### What the exercise asks:
Exactly and only the lines from the line holding "this 1389×868 image." to the end of the records should be reproduced. Leave pictures out.

------------------------------------------------------------------------

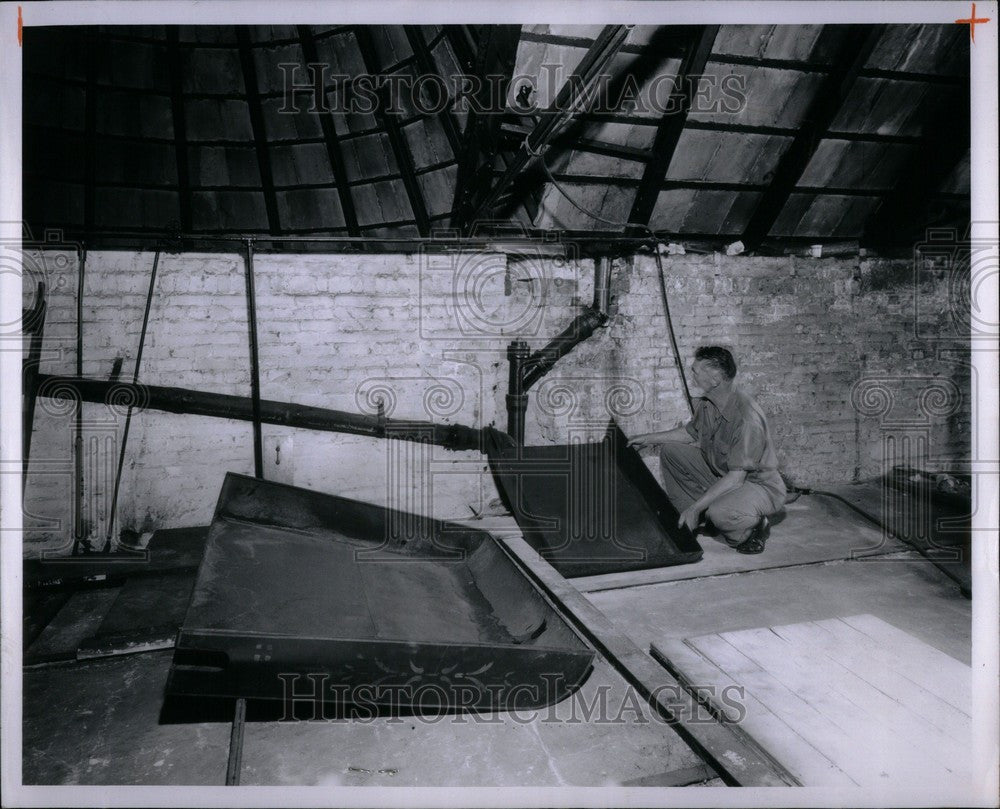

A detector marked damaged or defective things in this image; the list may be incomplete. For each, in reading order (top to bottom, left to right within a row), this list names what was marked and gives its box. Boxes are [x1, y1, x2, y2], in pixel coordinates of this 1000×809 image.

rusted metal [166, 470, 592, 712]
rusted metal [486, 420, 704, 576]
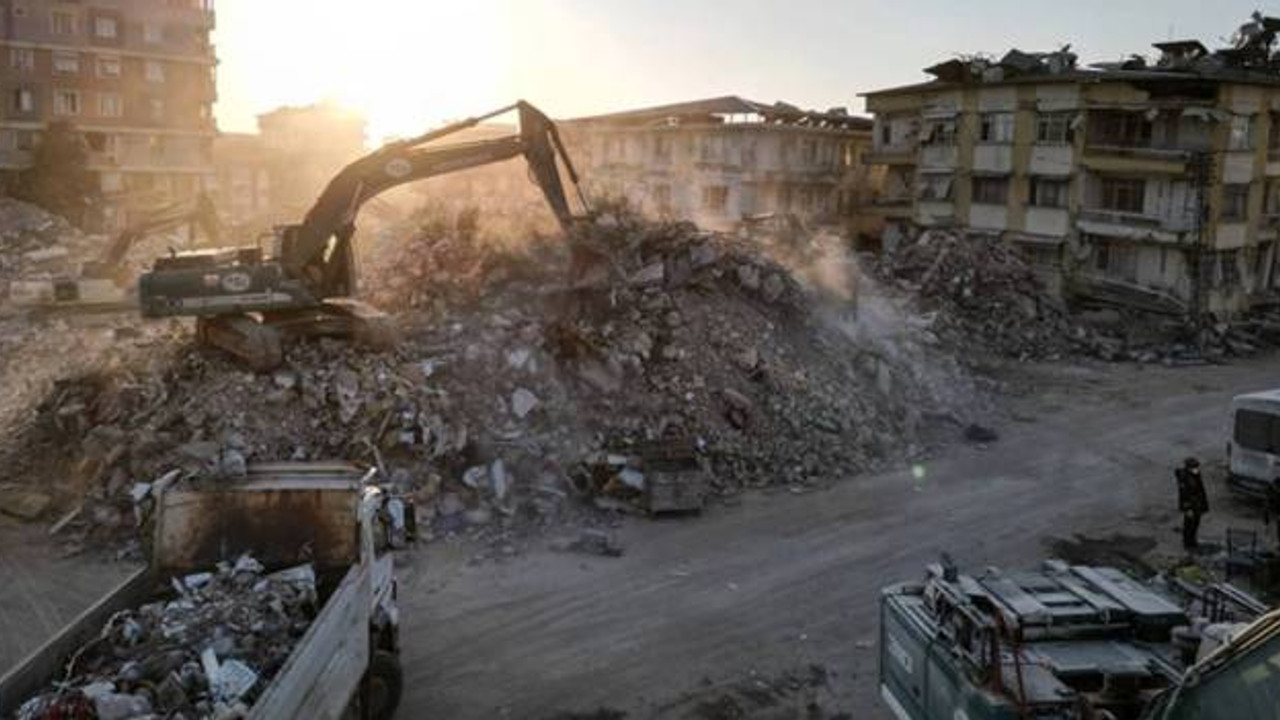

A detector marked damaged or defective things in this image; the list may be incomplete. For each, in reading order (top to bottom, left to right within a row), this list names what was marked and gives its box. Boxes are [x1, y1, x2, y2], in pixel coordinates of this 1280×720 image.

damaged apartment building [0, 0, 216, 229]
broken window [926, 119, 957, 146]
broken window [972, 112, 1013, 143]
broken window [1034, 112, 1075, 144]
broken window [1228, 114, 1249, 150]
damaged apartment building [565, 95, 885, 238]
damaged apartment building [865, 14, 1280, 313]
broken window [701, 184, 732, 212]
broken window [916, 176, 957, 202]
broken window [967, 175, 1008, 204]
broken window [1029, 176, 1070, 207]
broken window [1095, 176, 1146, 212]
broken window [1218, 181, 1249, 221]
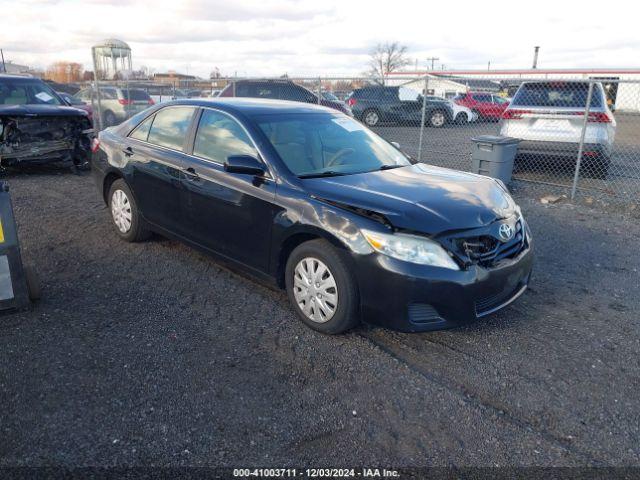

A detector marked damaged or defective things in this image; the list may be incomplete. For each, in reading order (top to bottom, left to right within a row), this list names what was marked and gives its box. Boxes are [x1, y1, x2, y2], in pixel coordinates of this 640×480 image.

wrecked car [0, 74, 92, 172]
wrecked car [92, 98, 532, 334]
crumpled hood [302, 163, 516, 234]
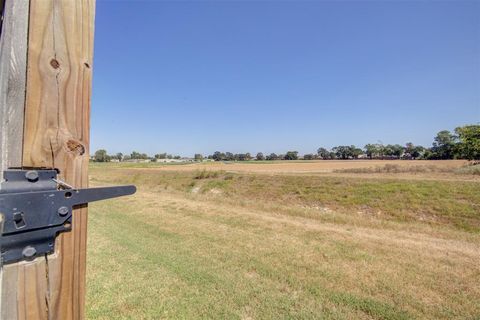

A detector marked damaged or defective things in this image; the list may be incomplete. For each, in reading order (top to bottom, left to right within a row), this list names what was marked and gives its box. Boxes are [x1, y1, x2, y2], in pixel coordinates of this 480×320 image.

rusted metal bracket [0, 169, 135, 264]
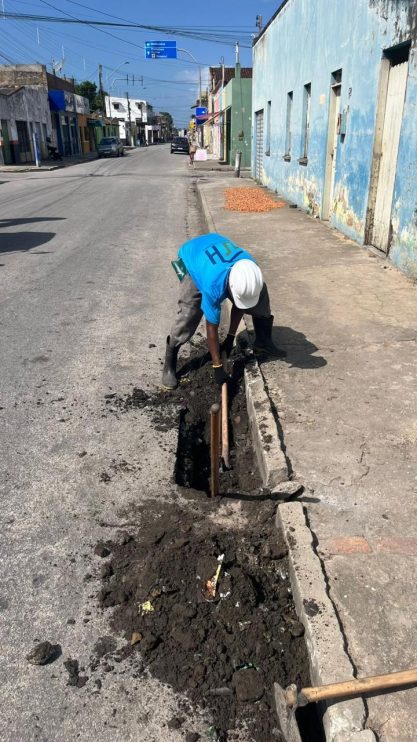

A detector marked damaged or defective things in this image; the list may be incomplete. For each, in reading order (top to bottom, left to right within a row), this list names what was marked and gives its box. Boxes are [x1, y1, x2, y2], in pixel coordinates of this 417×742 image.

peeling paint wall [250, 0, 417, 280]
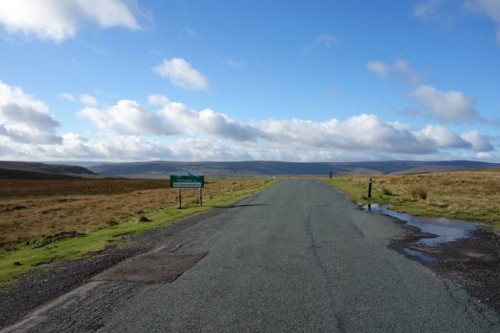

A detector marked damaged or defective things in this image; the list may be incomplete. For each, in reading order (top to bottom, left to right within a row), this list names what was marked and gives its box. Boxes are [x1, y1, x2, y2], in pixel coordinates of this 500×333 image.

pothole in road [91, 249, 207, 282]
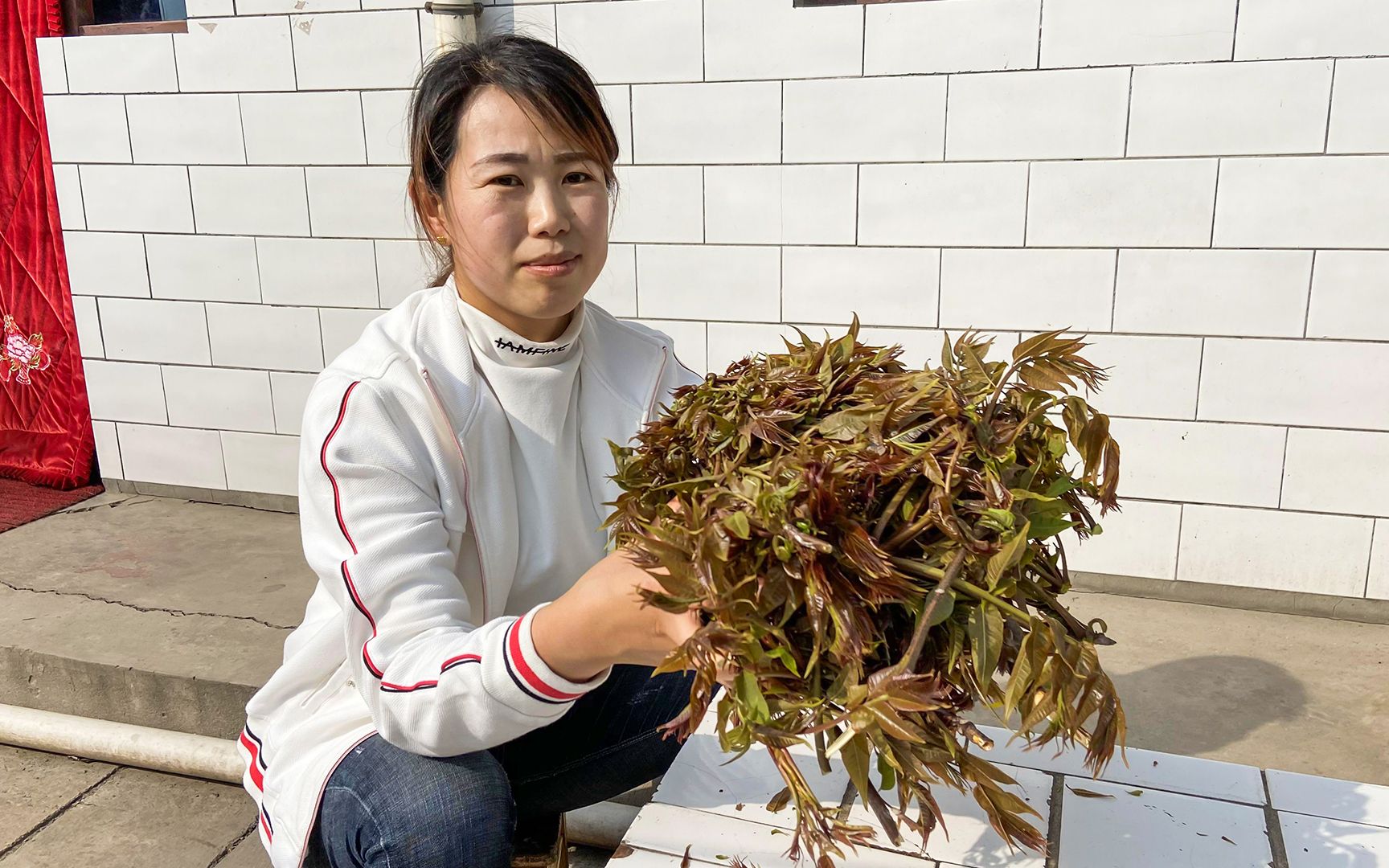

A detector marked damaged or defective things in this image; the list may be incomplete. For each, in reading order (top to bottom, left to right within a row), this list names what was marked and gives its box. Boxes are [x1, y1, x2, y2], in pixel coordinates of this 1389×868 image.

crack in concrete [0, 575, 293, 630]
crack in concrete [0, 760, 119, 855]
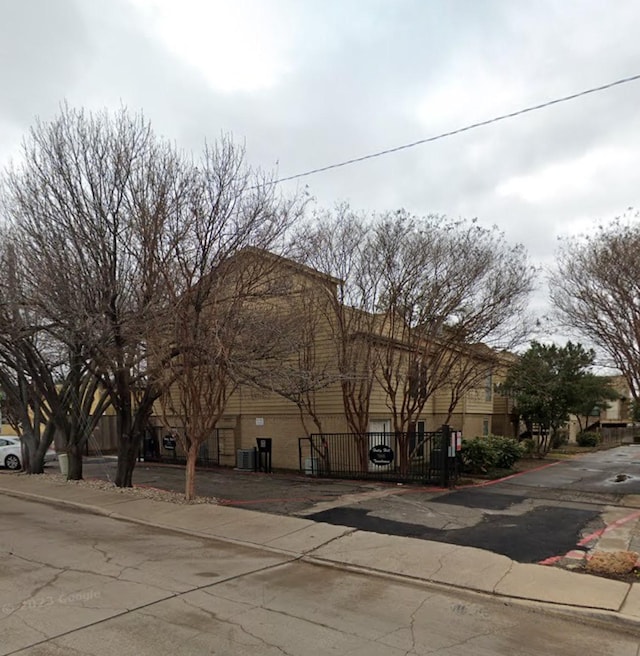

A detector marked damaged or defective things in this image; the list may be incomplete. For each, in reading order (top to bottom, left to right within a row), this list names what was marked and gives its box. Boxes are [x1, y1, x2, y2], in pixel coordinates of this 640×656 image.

------------------------------------------------------------------------

### Result below:
A detector marked damaged or defective things in this image; the list may be incomplete. For each, in reading order (top to bottom, left to right within a row), this list names what was marked and gives its box. Boxes are [x1, y1, x2, y2], in pixel coordinates of this 1389×868 image.

crack in concrete [0, 575, 293, 630]
crack in concrete [0, 760, 119, 855]

A detector marked damaged or defective things in this image; the list may be incomplete. For each, in reading order (top to bottom, left to right within a row), this list names what was marked and gives its box. Boxes are [x1, y1, x2, y2], in pixel coordinates of this 640×656 image.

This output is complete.